Laboratory Diagnosis of Mumps Infection

E. Laboratory Diagnosis

During mumps infection, several non-specific findings may be present in the blood. The WBC may be low with lymphocytes predominating. ESR and CRP may be normal or slightly elevated. Amylase levels may be elevated.

1. Serology ;- a serological diagnosis is usually made by finding a significant increase in Ab titres in 2 serum samples taken 10 - 14 days apart. In some cases, the detection of IgM may be used to diagnosis acute infection. Although only 1 serotype of mumps exist, cross-reactions between mumps virus and paramyxovirus makes serological results difficult to interpret on occasions. Several techniques are available :

  1. CFT - the CFT is still the widely used for the diagnosis of mumps. Two antigenic preparations are commonly used, the V antigen (consists mainly of HN glycoprotein), and the S antigen (consists mainly of the NP). Antibodies against S appear early and are short-lived, whilst antibodies to V antigens appear slowly but persists longer. By comparing titres using the two different antigens, it is often possible to make a serological diagnosis early in the course of illness. However, due to problems with cross-reactivity, a paired serum sample is always needed for a reliable by CFT.
  2. HAI - this test measures antibodies similar to those reacting with the V antigen in the CF test.
  3. Neutralization test - virus neutralization has long been regarded as the most reliable serological marker for immunity but is very tedious to carry out and thus rarely used.
  4. SRH - this technique has been adapted for use for the diagnosis of mumps.
  5. Solid phase ELISA or RIA - various assays are available for the determination of IgM and IgG. However, capture IgM assays are liable to interference from Rheumatoid Factor. Elisa tests are useful in the measurement of mumps antibodies in CSF. The greater sensitivity allows the determination of the exact CSF/serum ratio and a ratio of greater than 100 signifies intrathecal synthesis. However, the blood-brain barrier should be intact and proper controls should be used. This may be an unrelated antibody or albumin.  

2. Virus Isolation ;- virus isolation may be carried out by allantoic inoculation of 6 day old embryonated eggs or by tissue culture methods. Virus can be isolated from the CSF during the first 2 - 3 days after the onset of disease, and is present in urine and saliva for 2 to 3 weeks. Monkey kidney cells are generally used for virus isolation where a CPE is seen which consists of the formation of syncytia and the focal rounding of cells. Virus identification can be performed by neutralization or inhibition of haemadsorption by specific sera.

Syncytial formation caused by mumps virus. Note the presence of red blood cells on the surface of the cell sheet (haemadsorption). Courtesy of Linda Stannard, University of Cape Town, S.A.

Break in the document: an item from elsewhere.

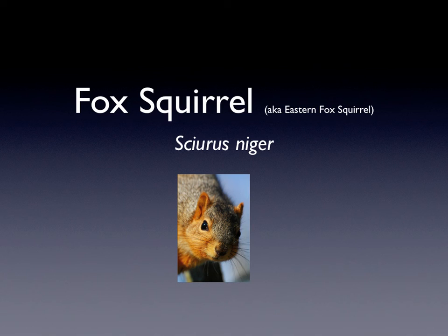Hi, my name is Tessa, and the animal I'm doing is a fox squirrel. It's also known as the eastern fox squirrel, and its scientific name is Sciurus niger.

F. Management and Prevention

No specific treatment is available for mumps. Uncomplicated parotitis seldom require treatment except adequate. Some authorities recommend a short course of corticosteriods in severe cases. Mumps is the commonest cause of meningitis and encephalitis in many countries such as USA and Scandinavia and many countries have mumps vaccination as part of their vaccination program. At one time, there was some argument as to whether a vaccination program against mumps was necessary but the combination of mumps with rubella and measles in the same vaccine had swung the argument vastly in its favour. An inactivated vaccine was first used in the 1940s successfully. This has now been replaced by a live attenuated vaccine. The protection rate is over 95% and no adverse reactions are associated with the vaccine. In the USA, where more than 40 million doses of mumps vaccine have been administered, a cost-benefit analysis has been carried out. In a cohort of 1 million people, the vaccine would prevent over 74,000 cases of mumps and 3 deaths and the cost-benefit ratio is 7.4:1. Mumps vaccine is now routinely given as part of the MMR regimen in many countries to all infants.